■ WHAT THIS TASK INVOLVES ■
Reproduce nothing beyond the line containing "Luxury Embroidery Puff". From the first line of the data below down to it, copy each line exactly, without the pictures.

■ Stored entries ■
▬▬▬
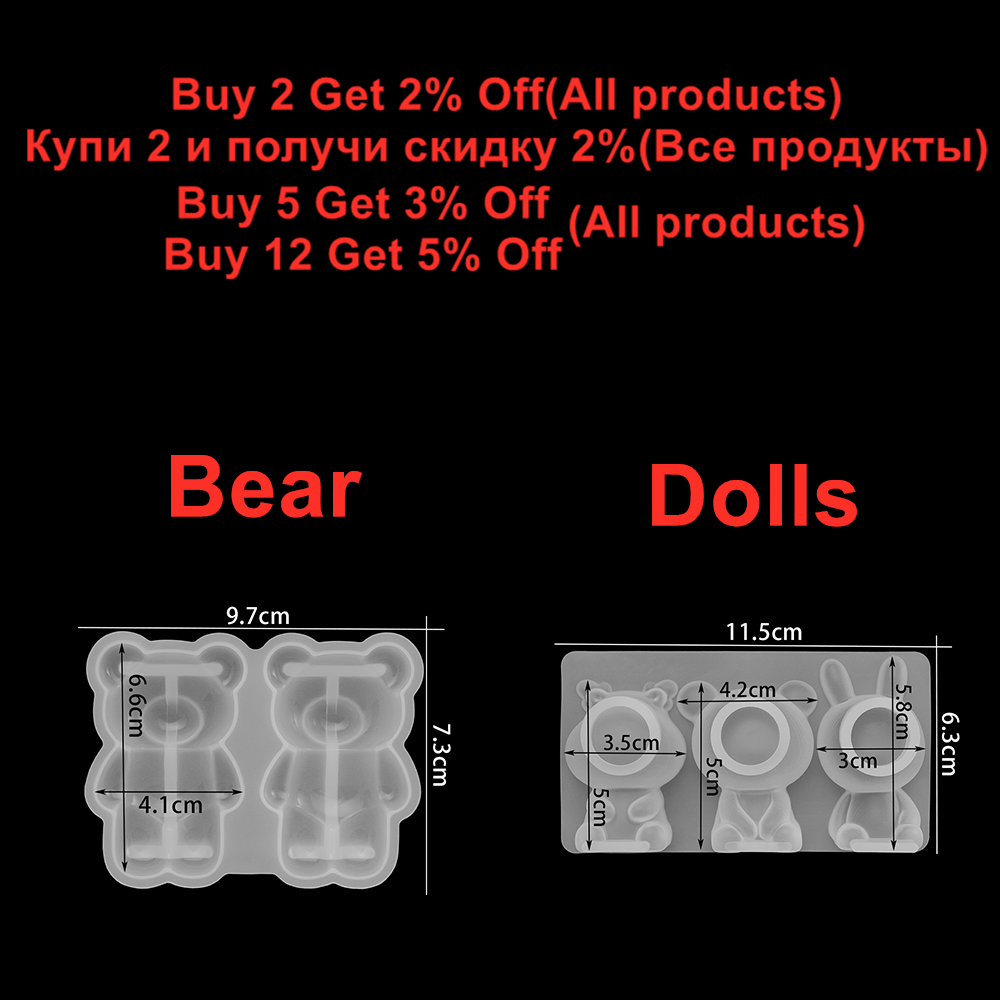 3D Cartoons Animal Doll Silico - Silicone Epoxy Resin Molds Set ulasan dan harga
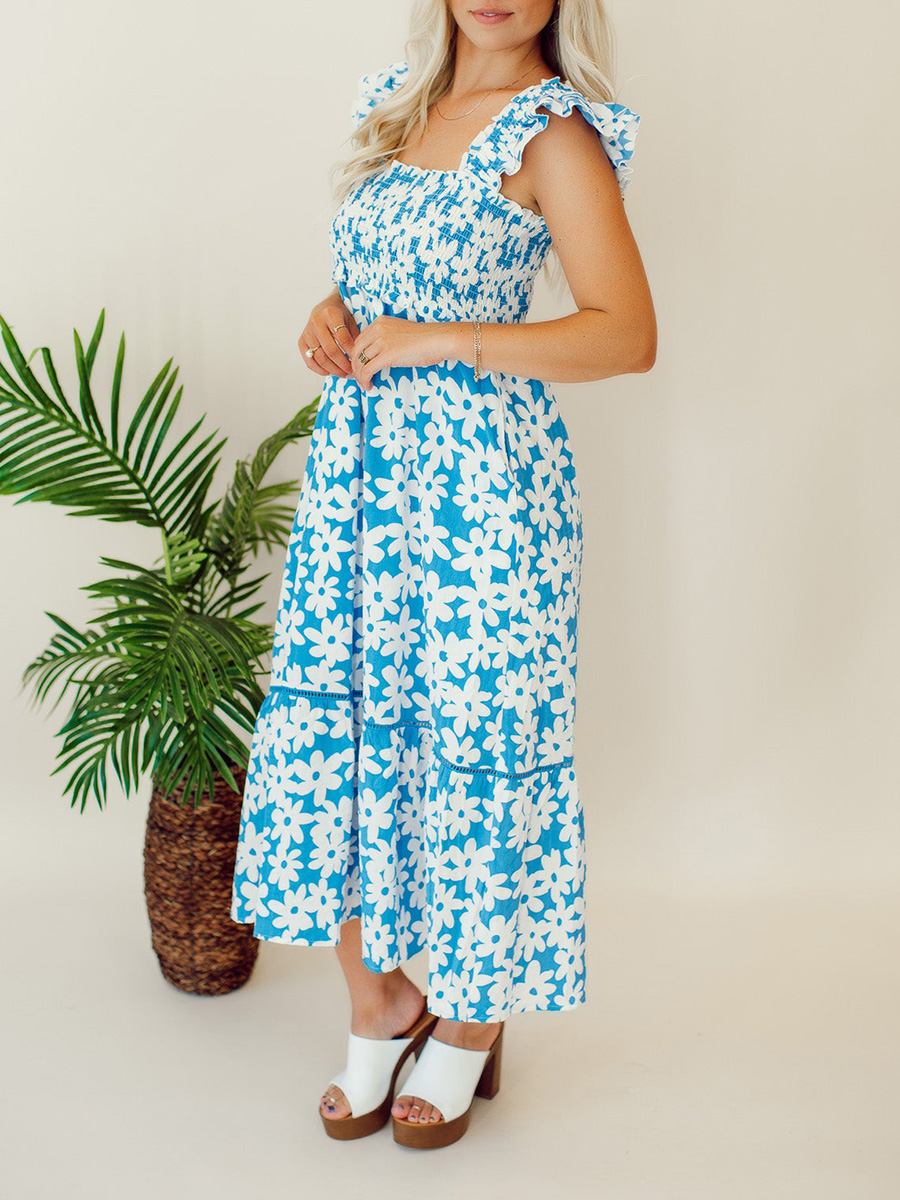 Blue floral pleated mid length dress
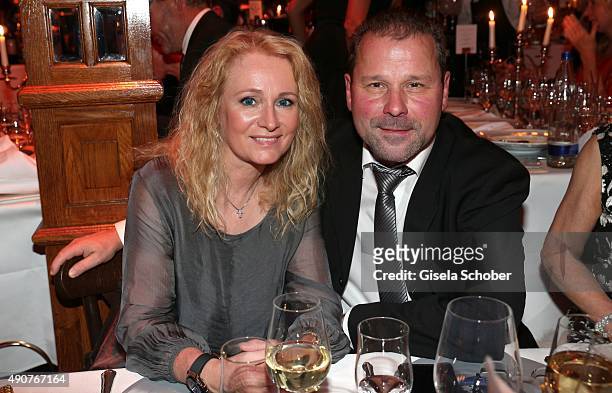 Nicole and her husband Winfried Seibert during Ralph Siegel's 70th birthday party at Schuhbeck's Teatro on September 30, 2015 in Munich, Germany.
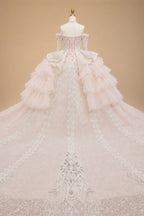 Luxury Embroidery Puff Sleeve Ball Gown Wedding Dress ZP156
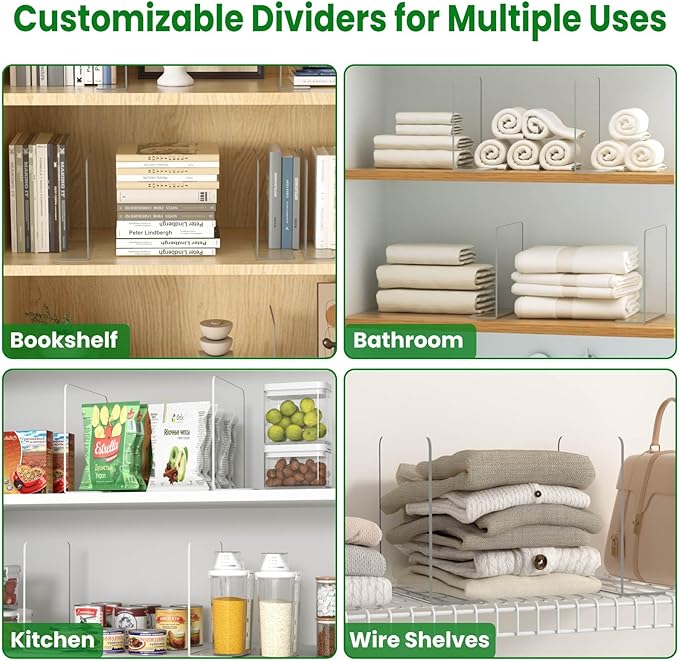Shelf Dividers for Closet Organization: 10" Tall x 8.4" Deep Durable Clear Acrylic Divider Organizer for Shelves - 12 Pack Adjustable Shelving Separators for Clothing Purse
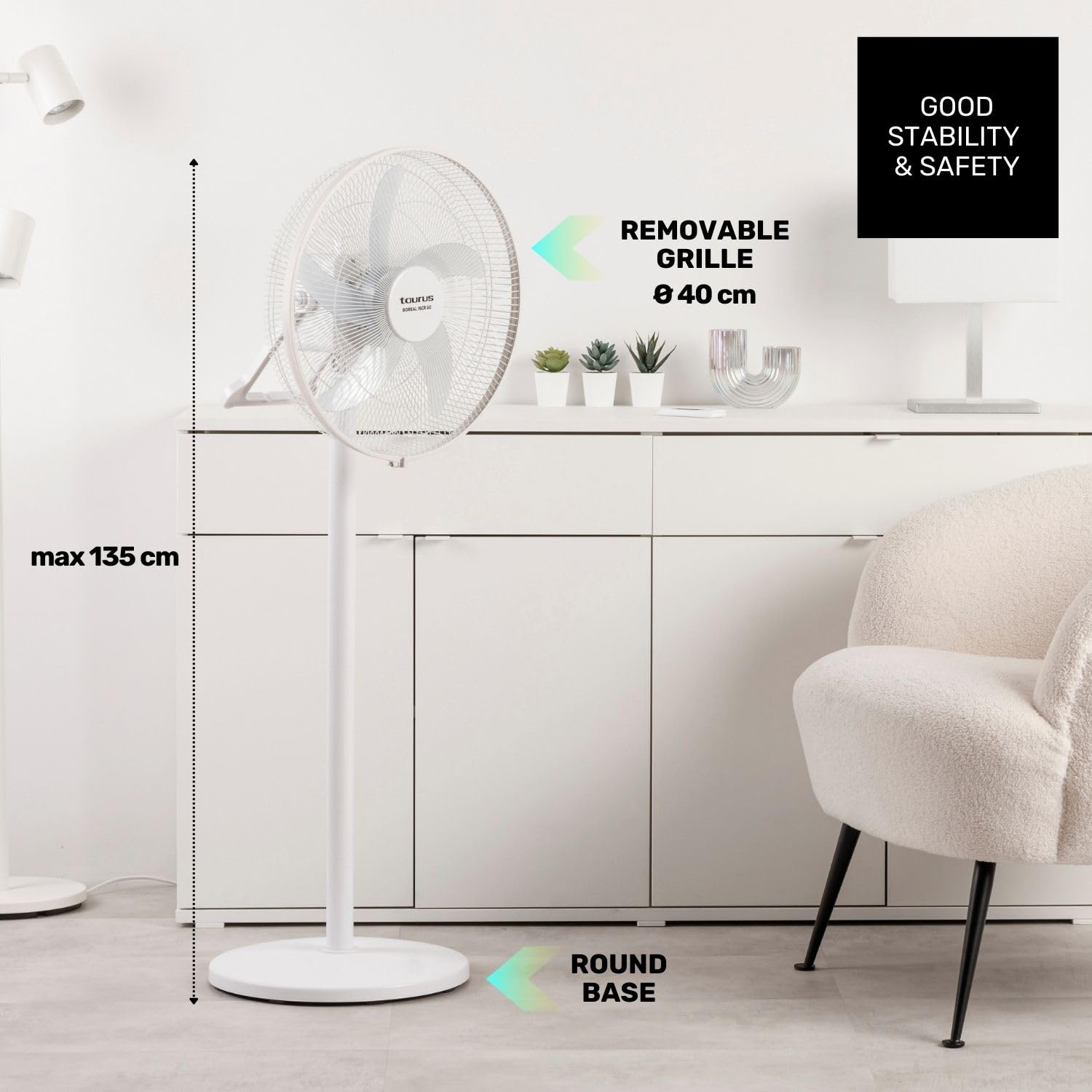 Taurus - Stand Fan Rechargable Boreal 16CR Go |35W|Batteria | Autonomia 8h |Tempo di ricarica 4h |5 velocità |3 modalità |5 pale da 40 cm |Temp 8 ore | Altezza regolabile | luce posteriore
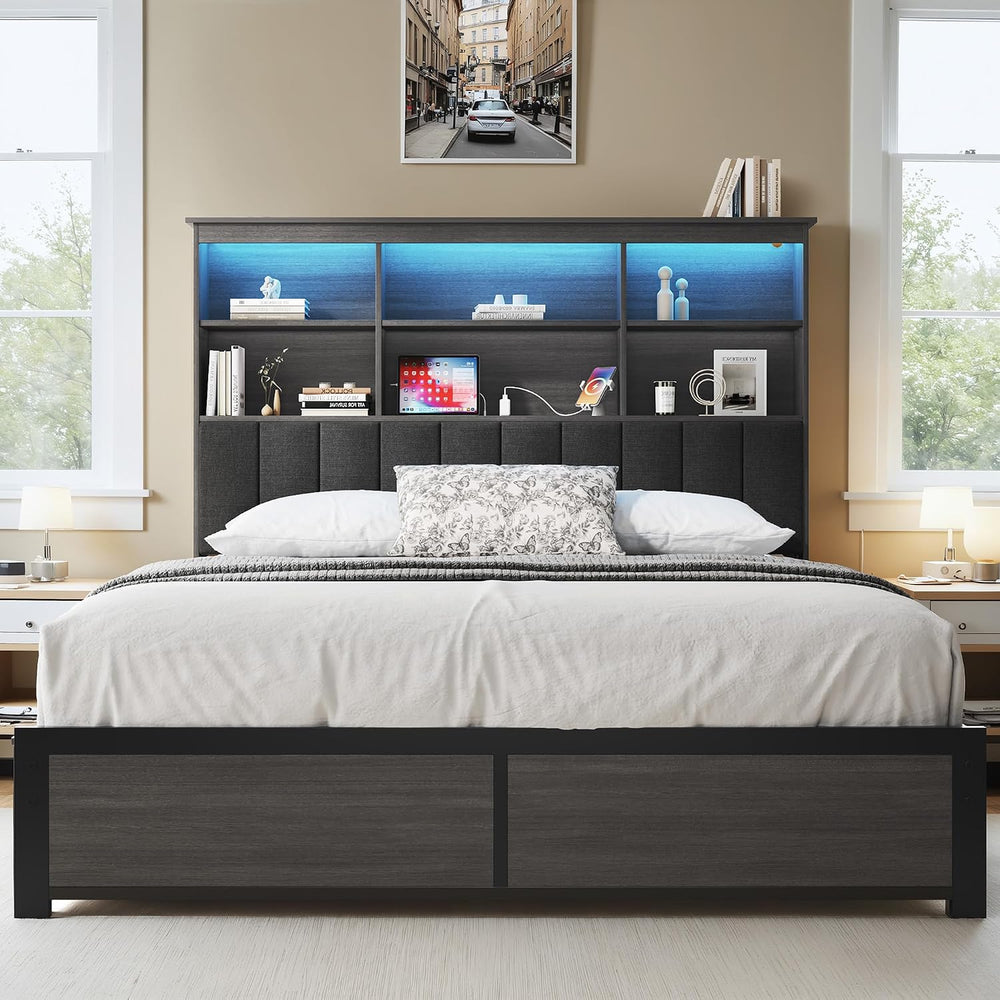 HISOFT Queen Bed Frame with Storage Headboard, Wooden Bed with High Storage B...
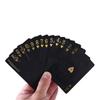 1 Set Playing Cards Black Foil Poker Card Deck Waterproof Plastic Cards for Party&Classic Family Card Board Game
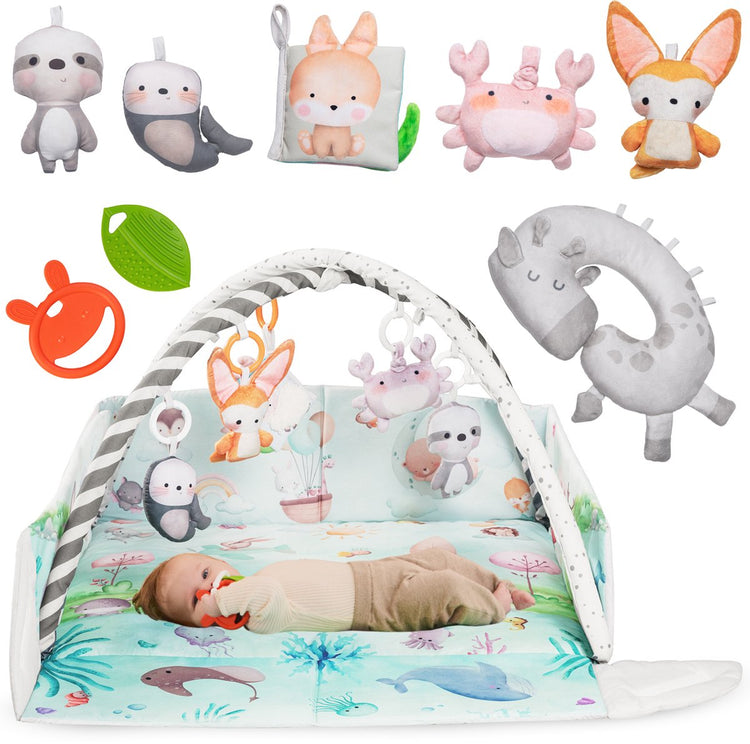 Lionelo Anika Baby-Gym-Spielmatte aus natürlichem Bambus mit Spielbogen – 8 sensorische Babyspielzeuge, Bauchzeitkissen – ab 0 Monaten – erhöhter Rand – Montessori-Babyparty-Geschenk – interaktive pädagogische Spielmatte – Aktivitätskissen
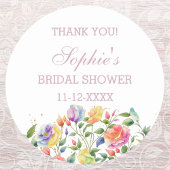 薄紫ピンクブライトバラブライダルシャワーありがとう ラウンドシール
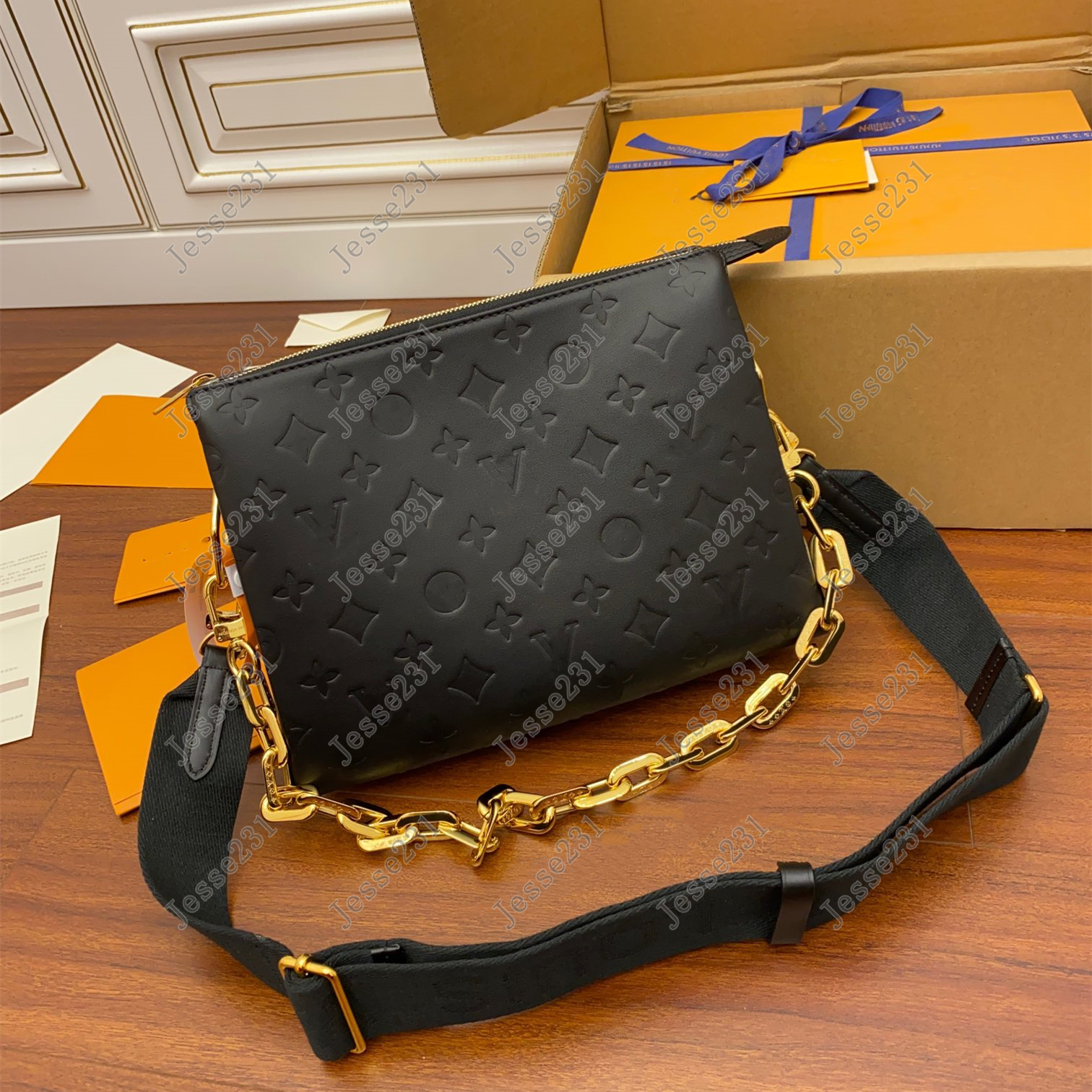 

10A Hot Designer bag Womens Coussin PM Shoulder Bags Crossbody Bag Chain bag Genuine Leather Handbag Purse pouch tote Embossing Letters Removable straps 26cm, #15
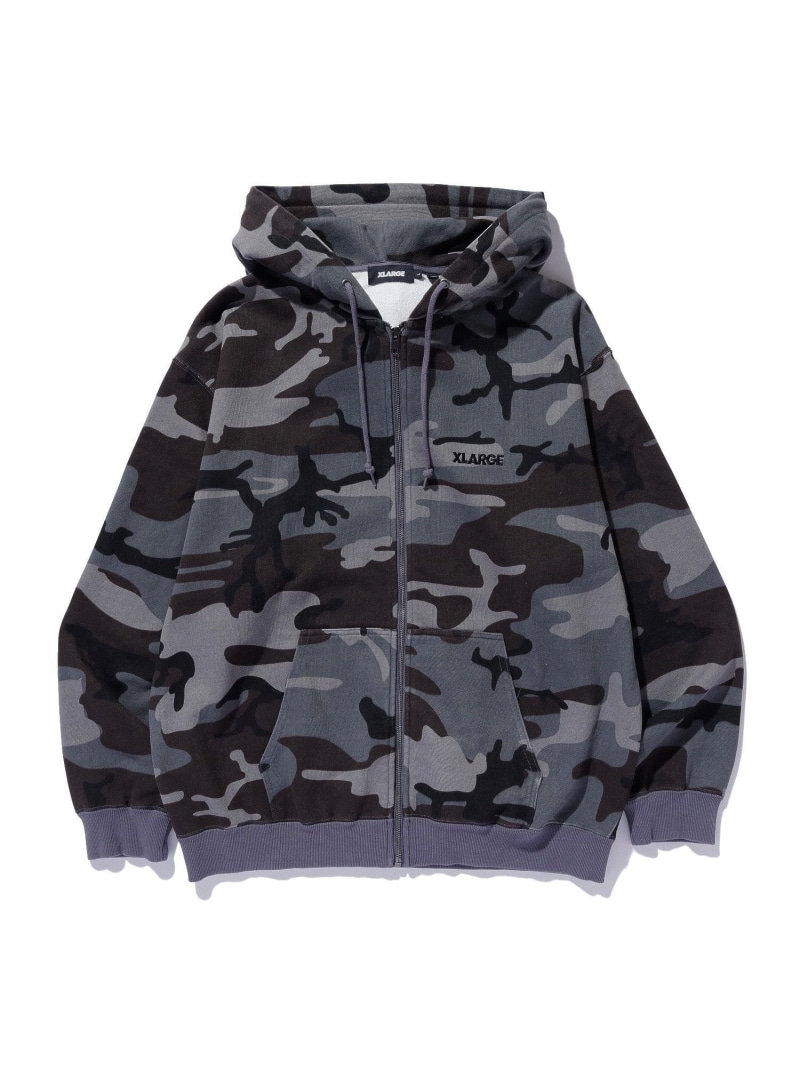 XLARGE CAMO ZIP UP HOODED SWEATSHIRT エクストララージ トップス スウェット・トレーナー 薄墨色 オレンジ色 緑であること【貨物輸送無料】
▬▬▬
■ RESULT OF THE EXERCISE ■
 3D Cartoons Animal Doll Silico - Silicone Epoxy Resin Molds Set ulasan dan harga
 Blue floral pleated mid length dress
 Nicole and her husband Winfried Seibert during Ralph Siegel's 70th birthday party at Schuhbeck's Teatro on September 30, 2015 in Munich, Germany.
 Luxury Embroidery Puff Sleeve Ball Gown Wedding Dress ZP156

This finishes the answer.